The poisoning of Sergei and Yulia Skripal gave Theresa May the opportunity to be statesmanlike, Jeremy Corbyn to take his time becoming statesmanlike, and Gavin Williamson to demonstrate once again that he’s a toddler in the statesman stakes when the best he could come up with was telling Russia to shut up and go away. Ya-boo sucks, Vlad.
The Defence Secretary was more thoughtful in a Commons written answer, but then they are written by Ministry of Defence officials who do the thinking for him. Williamson said: “We remain deliberately ambiguous about precisely when, how and what scale we would contemplate use of nuclear weapons in order not to simplify the calculations of any potential aggressor.”
Such an opaque declaration of nuclear policy is unlikely to give the Russian president pause for thought, but at least Private Pike didn’t declare war, given his fondness for kneejerk reaction. Show him a couple of ageing guard dogs unsuitable for rehoming and he’ll be first to jump in to save them from lethal injection.
Williamson could not, however, save his beloved tarantula, Cronus. The spider went from Pike’s old desk in the chief whip’s office to his new one in the Defence Ministry. The MoD’s no pets policy meant Cronus also had to be rehomed and now lives in Williamson’s South Staffordshire constituency.
While Pike was making ill-considered comments about the Beast from the East sitting in the Kremlin, Westminster’s inhabitants faced more localised difficulties dealing with the beastly weather.
A Commons doorman almost refused the PM’s spokesman, James Slack, entry to PMQs, citing his inappropriate footwear. Slacker was wearing trainers to get through the snow more easily. So was I, but I slipped in behind him before anyone noticed. Mrs May’s mouthpiece only avoided ejection by indicating Jeremy Corbyn was similarly shod, and no one had tried to stop him.

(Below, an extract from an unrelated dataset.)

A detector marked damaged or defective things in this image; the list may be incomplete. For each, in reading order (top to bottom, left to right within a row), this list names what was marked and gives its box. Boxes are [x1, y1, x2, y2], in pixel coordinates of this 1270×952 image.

Our female politicians turned out to be more sturdy beasts and not even sheets of ice deterred them from tottering around in high heels. Ever elegant Immigration minister Caroline Nokes looked perilously close to toppling over at one point as she hurried to a vote. A seven year old constituent of the Tory MP thinks she looks very like Meghan Markle after spotting our favourite American migrant and Prince Harry on TV, greeting wellwishers in Wales. The girl’s father tweeted his daughter as saying: “Look Daddy, it’s our MP. Those people really like her. Is that her new boyfriend?”
Over in the House of Lords, peers got themselves into a tizzy over plans for zipwires for holidaymakers over the Lake District’s Thirlmere Reservoir. While their lordships complained of high wires ruining the national’s park’s natural beauty, veteran Tory and former pilot Norman Tebbit had other concerns. He said: “The Government’s first obligation is defence. It would be highly dangerous for aircrews flying at low level.” Indeed, it would. But if such recreational activity strikes terror into RAF crews, just think what a squadron of screaming Tornados would do to the zipwiring enthusiasts.

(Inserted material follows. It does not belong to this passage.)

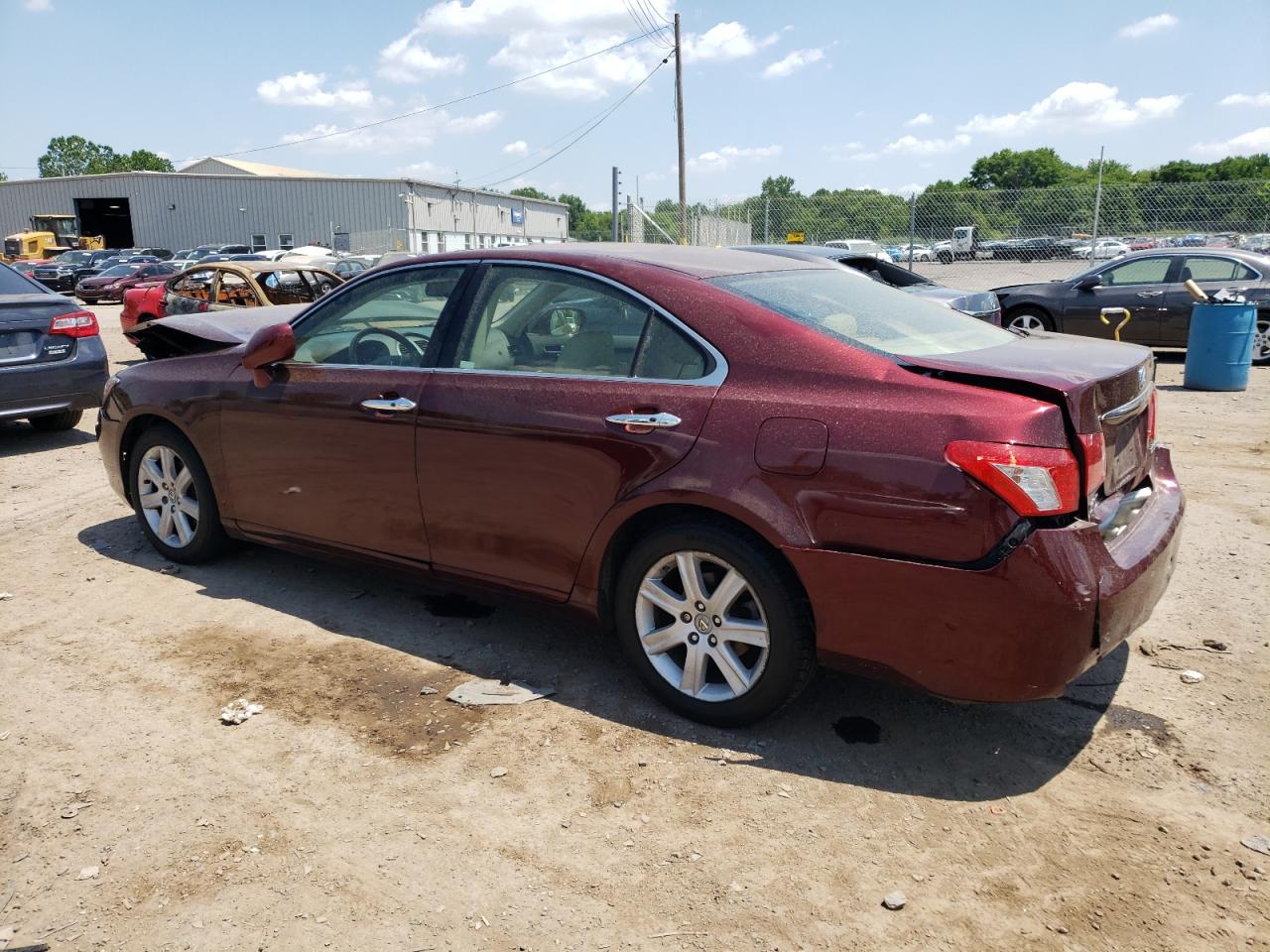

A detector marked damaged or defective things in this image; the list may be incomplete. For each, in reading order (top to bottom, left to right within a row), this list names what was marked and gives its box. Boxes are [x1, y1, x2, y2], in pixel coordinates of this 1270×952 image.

red damaged car [96, 246, 1178, 721]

The Lords also said goodbye to their enforcer, Black Rod Sir David Leakey, who has retired to make way for Sarah Clarke, the first woman to hold the post. As a former Wimbledon tennis official, EU Withdrawal Bill ping-pong will present no fears. Peers were told of the time former Labour general secretary and LGBT campaigner Ray Collins wound up Sir David by asking if it was compulsory for spouses to wear tiaras for the Queen’s state opening of Parliament. “Yes, of course,” said Sir David firmly. “Good,” replied Lord Collins. “My husband has just bought one.”
Meanwhile, in Commons Committee Room 17, there was a seminar on political executions hosted incongruously by MP Andrew Slaughter. And I hear the MoD’s nickname for the Armed Forces minister is Bomber. Not because he likes bombing things, but because he’s Mark Lancaster.
Tory MP Andrew Bridgen told MPs how proud he is of having no rough sleepers in his North West Leicestershire constituency. Jeremy Corbyn offered to send up some of his from Islington by train. “I’ve no station either,” said Andrew. There you have it. NW Leicestershire is not only devoid of rough sleepers but railway sleepers, too.